Investing Regardless of the Headlines
- Eliminate the risk of holding your investments. Pay off any margins or debts against your holdings. This improves your profit margin and reduces the risk of not being able to pay back debts.
- Follow the trend, not the latest headline. If the debt rating of a nation keeps declining despite interventions, cut your losses and sell any bond funds holding that nation’s stock. If you rely on news reports to decide to buy or sell, you've acted hours or even days after the institutional investors have acted.
- Diversify to minimize risk by investing beyond your own borders. Owning international stock funds or bond funds is one solution. However, you should be careful to own bonds or stock funds across the entire world, such as an Asian fund and a European fund. Do not invest in a single continent.
- If you are invested in stocks, hold the stocks of blue chip companies with an international portfolio. Coca-Cola, Pepsi, Caterpillar and other brand name stocks that sell products around the world and in many different currencies are a good investment. When one nation’s economy falters, the large international company still makes money in other nations. When one currency devalues, they can adjust their prices or ship in product from surrounding nations. Being global isolates them from national and regional financial crises.

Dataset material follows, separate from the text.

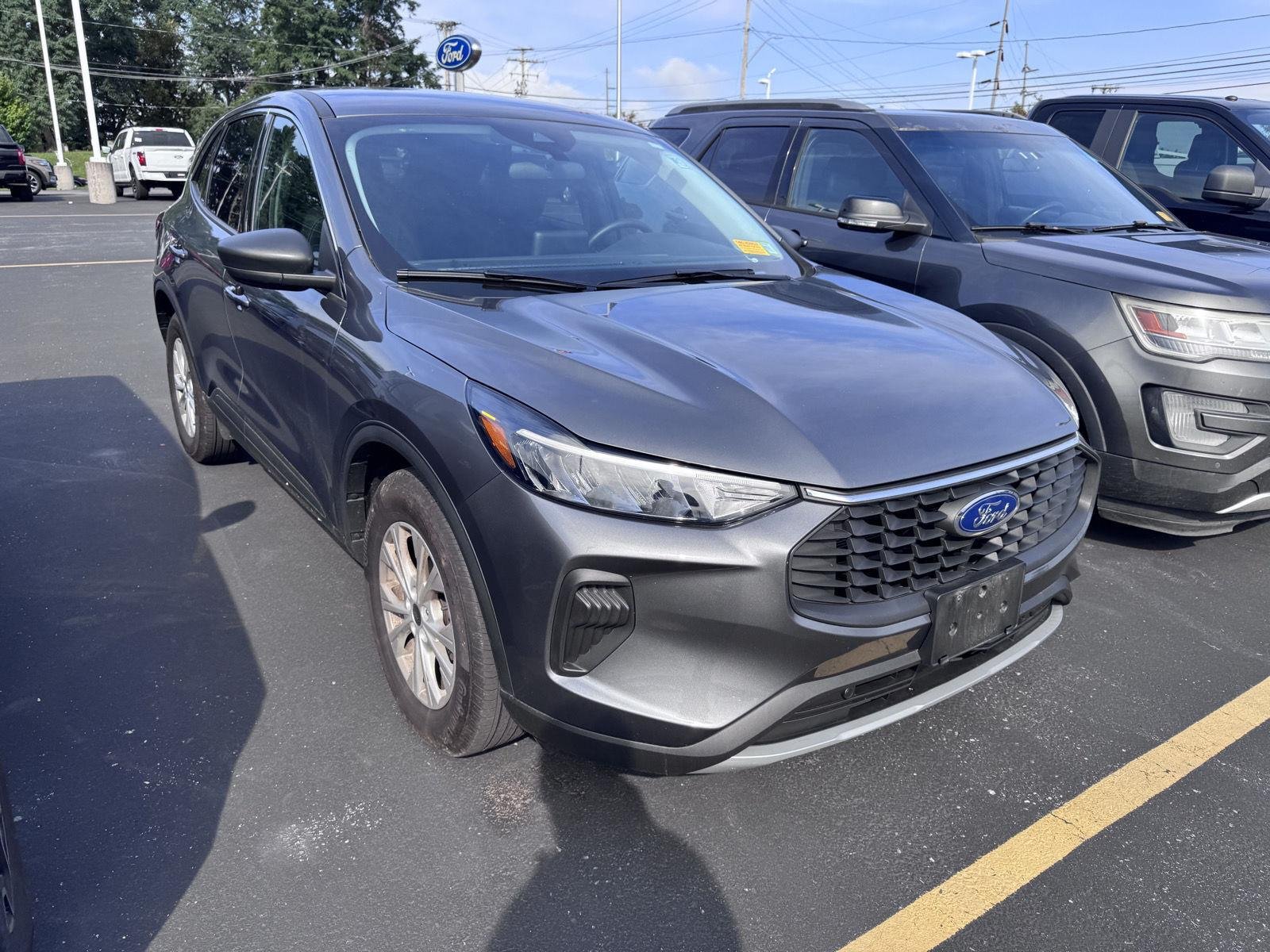 Used 2023 Carbonized Gray Ford Active image 3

How to Avoid Investing Mistakes
- Don’t jump to invest in a country with a high rate of return. If a country has a history of defaulting on its debt as several South American nations have, don’t invest money there since the interest reflects the risk.
- Don’t day trade based on the latest financial news articles. By the time you’ve read it, the market has already reacted and you’re selling low or buying high.
- Stick with dollar cost averaging or periodic portfolio balancing to avoid peaks, troughs and the stress of trying to act appropriately in the face of the latest headlines.
- Do not make investments that don’t make sense in calmer periods. If you wouldn’t buy that investment if the headlines did not proclaim an impending disaster, you should not buy it at all.
- Set up automatic price points to sell investments so that you don't have to watch the news for a reason to bail out of a stock.
- Do not buy investments on margin, so you cannot be doubly burned by owing money on investments worth far less than when you bought them.
- Stay out of the foreign exchange market or Forex. Institutions use computers to buy and sell within fractions of a second when a threshold is reached; the vast majority of those who try to time Forex lose money, at a rate far worse than those who day trade stocks.
- If you want to invest in a country, buy an international mutual fund that holds significant holdings in that country or buy stock in companies that do extensive business there. You'll retain liquidity over buying stocks on their stock market and dramatically simplify tax reporting.